Rechtliche Beurteilung

[1] 1. Das Bestehen und der Umfang von Schutz- und Sorgfaltspflichten, wie etwa von Beratungs- und Aufklärungspflichten von Banken, ist grundsätzlich eine Frage des Einzelfalls (vgl RS0106373 [T4]; RS0111165 [T7]).

[2] 2. Die Auffassung des Berufungsgerichts, wonach die beklagte Bank vor Durchführung der vom Kläger (dem vormaligen Erstkläger) beauftragten Überweisungen auf Konten von Kryptobörsen über den sich aus dem von ihr implementierten Warnsystem ergebenden (wie sich später herausstellen sollte, berechtigten) Betrugsverdacht nur ihn selbst und nicht auch seine während des Berufungsverfahrens verstorbene Gattin (die vormalige Zweitklägerin, deren Gesamtrechtsnachfolger der Kläger ist) informieren musste, stellt keine vom Obersten Gerichtshof aufzugreifende Fehlbeurteilung dar:

[3] 2.1. Der Kläger und seine Gattin waren bezüglich ihres gemeinsamen Girokontos bei der Beklagten jeweils einzelzeichnungsberechtigt; es handelte sich daher um ein sogenanntes „Oder-Konto“. Bei diesem kann jeder Kontoinhaber im eigenen Namen über das gesamte Guthaben aus dem Konto verfügen, wobei das Zuvorkommen („Angehen“ iSd § 892 ABGB) entscheidet (9 Ob 26/98h).

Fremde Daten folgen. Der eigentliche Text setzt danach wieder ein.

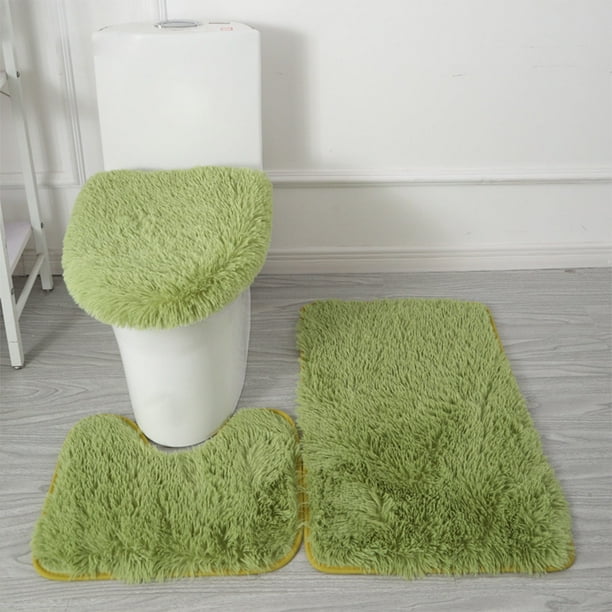 RBCKVXZ Juego de 3 alfombras de baño, alfombra de bañera súper suave y antideslizante, alfombra de baño absorbente, alfombra de baño de felpa, alfombra en forma de U y tapa de inodoro, accesorios de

[4] 2.2. Der Girovertrag ist ein Geschäftsbesorgungsvertrag, nach dem die Bank Verfügungen des Kunden (etwa Überweisungsaufträge) im Rahmen seines Guthabens für seine Rechnung in aller Regel bis zur Beendigung der Geschäftsverbindung ausführen muss (RS0032986). Auf den Girovertrag sind die Regeln über den Auftrag mitanzuwenden (RS0019656). Überweisungsaufträge sind einseitige, empfangsbedürftige Willenserklärungen, zu deren Ausführung sich das Geldinstitut im Giroverkehr verpflichtet hat. Ihr Zugang löst die Ausführungsverpflichtung aus (RS0019656 [T1]). Aus der dem Auftragsverhältnis immanenten Interessenwahrungspflicht resultiert allerdings unter anderem die Pflicht zur Sorgfalt oder zur Rückfrage bei unklarem oder zu unbestimmtem Auftrag (RS0019656 [T4]).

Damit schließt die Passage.